Sunday was a relatively early start with us rising around 6.45am to eat and pack up, so being able to get away between 8-8.30am. The camp was a hive of activity, this being the midges as they chomped away on people.
Sunday saw most courses follow the same steep initial route out of the half way camp to Cautley Crag. From there people generally drifted away from each other choosing their routes as we all eventually wound our way back to the finish HQ at Tebay.
The day was again tough with one particular climb of 1,200 feet over a mile at most in heat up Long Rigg.
By now Jon was struggling with blisters; to later discover 15 blisters on one foot, and hobbled his way around the checkpoints.
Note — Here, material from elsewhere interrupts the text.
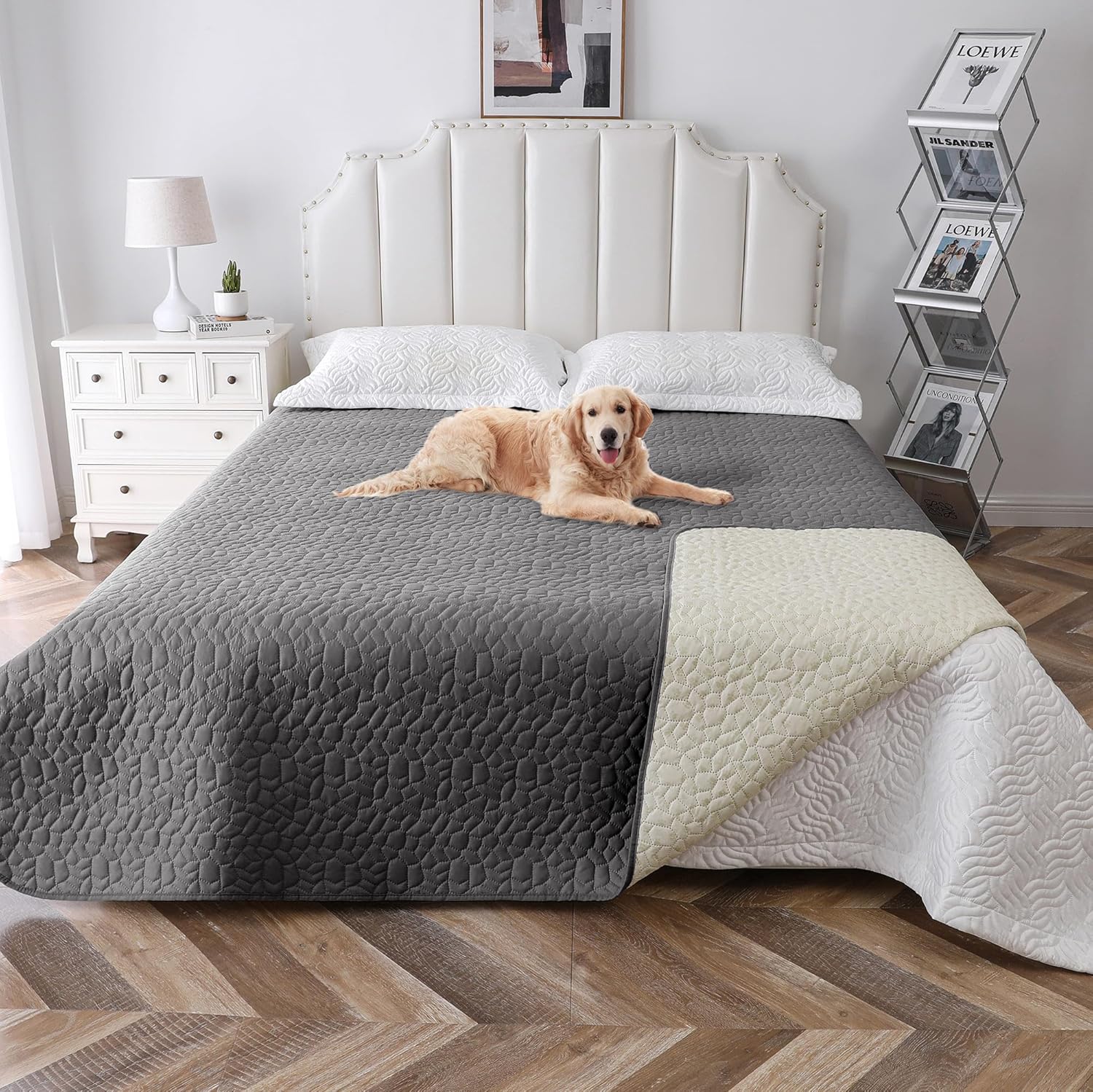 Secfeeling Waterproof Dog Blanket, AntiSlip Pet Couch Sofa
It was impressive as we completed day 2 in under 5 hours so arriving at the finish at lunchtime. The heat and sun were strong but that did not stop us polishing off lunch.
For Jon’s first Mountain Marathon it was impressive to say the least. It was a tough course with superbly hot and sunny conditions, and a number of pairs in our Harter Fell class retired including Nick and Adam. And to then run on broken feet was legendary. We came 45th out of 90 teams that completed the event in our class, and 20th out of 26 veteran pairs (based on combined age) for our class.
I think the motto here is you’ll always divert from the norm with business and personal life. That’s normal and to be welcomed, and it is just a question of getting back into it, and when you do view it akin to eating an elephant: one bite at time.